Not only that, but the computer itself would have a way of creating and manipulating exotic mathematical structures. This means that computers would be able to do what previously could only be done with pencil and paper, or on a blackboard. Instead of slaving away doing a bunch of predefined calculations, computers could actually be “doing the math” in the same way that humans have for the last several centuries.

I imagine it might not be immediately clear why computers doing pencil and paper mathematics would be beneficial to humanity. Let me explain as clearly as I can. Mathematics has provided humanity with perhaps the most robust and effective method for quantitatively understanding the world around us. And when humans better understand the world, they can make better predications about the state of the world. As I’ve discussed in previous posts, whenever a structure exhibits stable characteristics and behaviors, that structure can be effectively utilized in the creation of another, larger stable structure. In this context, that means that whenever humans are able to understand the stable characteristics and behaviors of a system, they are frequently able to use that system in a manner that increases humanity’s overall fitness.

Theoretical physics, as a field of study, is perhaps the best and most well-established example of what I’m describing. The phone in your pocket, the missile defense system that keeps you safe, and the lightbulb that illuminates your house are each examples of the staggering amount of technologies that fundamentally would not exist without developments in theoretical physics.

And what is theoretical physics? It is the practice of modelling physical systems in terms of well-defined mathematical structures, and then making predictions about the systems themselves using well-defined mathematical manipulations on those structures. In case you are wondering, experimental physics is the practice of designing and carrying out experiments to gather data on physical systems. Analyzing these data sets is what allows theoretical physicists to determine the degree to which their models accurately describe reality. So, if you’ve ever wondered what those nerds up in national labs, universities, or particle accelerators are doing, it’s that.

Physics is all fine and good, but I’ve found that much of what goes on in modern day physics doesn’t actually seem to affect many people. Some of it certainly does, but a good deal of it is documented in papers that 99.99% of humanity can’t understand and don’t really do people any good.

However, there are plenty of other real-world systems that could be analyzed using the aforementioned methodology. Data scientists are basically the people attempt to understand large data sets using machine learning or other statistical methods. From what I understand of current practices in data sciences, there really isn’t a large amount of coming up with novel mathematical models for understanding data sets in a manner similar to theoretical physics. There certainly is some, but nothing compared to physics.

And there’s a very good reason for this: coming up with appropriate mathematical models for different systems requires a huge amount creativity and intellectual capacity. In other words, it’s really, really hard.

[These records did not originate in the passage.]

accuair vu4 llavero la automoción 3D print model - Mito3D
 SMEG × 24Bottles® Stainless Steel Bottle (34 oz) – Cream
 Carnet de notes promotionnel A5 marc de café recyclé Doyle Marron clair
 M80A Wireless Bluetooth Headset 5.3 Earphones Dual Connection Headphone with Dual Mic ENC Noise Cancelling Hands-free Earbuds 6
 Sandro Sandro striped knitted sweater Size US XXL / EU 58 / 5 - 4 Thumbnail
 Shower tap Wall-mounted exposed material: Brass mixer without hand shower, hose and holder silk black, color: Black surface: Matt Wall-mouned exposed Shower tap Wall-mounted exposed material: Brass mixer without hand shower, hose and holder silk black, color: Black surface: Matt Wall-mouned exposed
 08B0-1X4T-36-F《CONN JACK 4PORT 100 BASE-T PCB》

Ever wonder why everyone thinks Einstein was so smart? It’s because he came up with extremely precise mathematical frameworks for describing relativistic systems. He did a bunch of other stuff too, but he’s celebrated mainly for his ability to create compelling mathematical models for physical systems. And let me tell you, General Relativity is no small pill to swallow. There are a ton of moving parts and different mathematical structures at play, but my gosh, the resulting theory is objectively gorgeous.

Anyway, I could fawn on about GR all day long, but that’s not why we’re here. The reason Orchid is compelling is because it would drastically simplify the process of coming up with mathematical models to describe different systems. Not only that, with the right set of algorithms, the computer could by itself create mathematical models to describe data sets.

That last sentence probably didn’t have the desired effect on you, so let me rephrase. Orchid could potentially allow a computer to do the same thing Einstein did that made him famous as one of the smartest people in history.

IMHO, that’s pretty dank. But even if that last bit doesn’t happen, Orchid would still provide humanity with a framework for easily constructing and manipulating mathematical entities, which could in turn be used to understand the world around it with a degree of precision previously unattainable.

Well, maybe that’s being overly optimistic. We’ll see.

Anyway, when I started this post, I wasn’t going to talk about Orchid, I was going to give the recipe for consistently and efficiently modelling a system mathematically. Here goes.

  1. Determine which parts of the system in question that you would like to understand.
  2. Create a set of mathematical structures that quantitatively describe the interesting characteristics of the system in question.
  3. Clearly lay out the method that can be used to extract observable quantities from the structures in part 2.
  4. Describe all factors that effect the system in question as transformations on the mathematical structures from part 2.
  5. Use the defined mathematical entities to make predictions about the system in question. Queso (K, so) I think this is, if nothing else, a reasonable starting point for understanding a system in terms of mathematical structures. It also gives me the spiritual reassurance that Orchid is actually a tool that could be used to improve and optimize the humanity graph.

Just hit page 7, which is about 5 pages longer than I thought this post was going to be, so I’m going to wrap this sucker up. I guess as one last thing, if this stuff interests you, shoot me an email. After leaving Berkeley, I haven’t talked to a lot of people interested in this stuff.

May your socks always come bedecked with cool designs. Peace.

Scattered Thoughts Regarding Appropriate Modelling

By: Danny Geisz | July 18, 2020

Project: Orchid

Sup readers. Prepare yourself for a post that will make absolutely no sense. Or it might. I’m not really sure yet. Basically, I’m revisiting Orchid, and I’m attempting to determine how to make it fundamentally useful.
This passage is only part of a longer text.